The paper is currently under revision, and the first preprint is available on arXiv.
You can set up the development environment using either Conda or pip.
-
Create the environment:
conda env create -f environment.yml
-
Activate the environment:
conda activate MARNet
-
(Optional) Create and activate a virtual environment:
python -m venv venv source venv/bin/activate -
Install dependencies:
pip install -r requirements.txt
To begin, create an .env file in the project root directory and define the DATASET_PATH variable, pointing to the directory where your dataset is stored.
We provide an example DataModule using WorldView-2 satellite imagery. This module requires the data to be preprocessed according to the Wald protocol and stored as cropped .h5 files.
Also, you can adapt the dataset class accordingly how you have the data stored. Please note that we are unable to share the dataset used for training due to data access restrictions.

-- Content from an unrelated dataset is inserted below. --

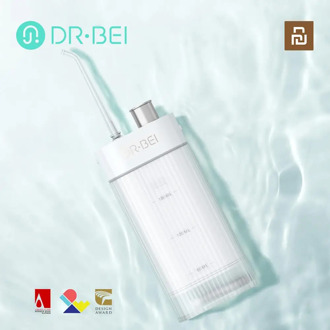 Xiaomi Youpin Oral Irrigator Dental Portable Water Flosser USB Rechargeable Water Flosser IPX7 Irrigator for Cleaning Teeth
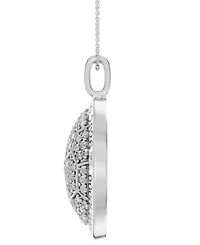 Macy's Lab-Grown Diamond (1 ct. t.w.) Fifa World Cup 2026 Pendant Necklace Yellow Gold Micron Sterling Silver (Also Silver)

Run the following command:
python train.py For reduced resolution run following command:
python test_ref.py +model.ckpt_path=${CKPT_PATH} For full resolution run following command:
python test_non_ref.py +model.ckpt_path=${CKPT_PATH} Make sure to replace ${CKPT_PATH} with the actual path to your checkpoint file.
If you find this work useful in your research, please consider citing:
@article{pansharpening2024,
title={Multi-Head Attention Residual Unfolded Network for Model-Based Pansharpening},
author={Pereira-S{\'a}nchez, Ivan and Sans, Eloi and Navarro, Julia and Duran, Joan},
journal={arXiv preprint arXiv:2409.02675},
year={2024}
}
This work was funded by MCIN/AEI/10.13039/501100011033/ and by the European Union NextGenerationEU/PRTR via the MaLiSat project TED2021-132644B-I00.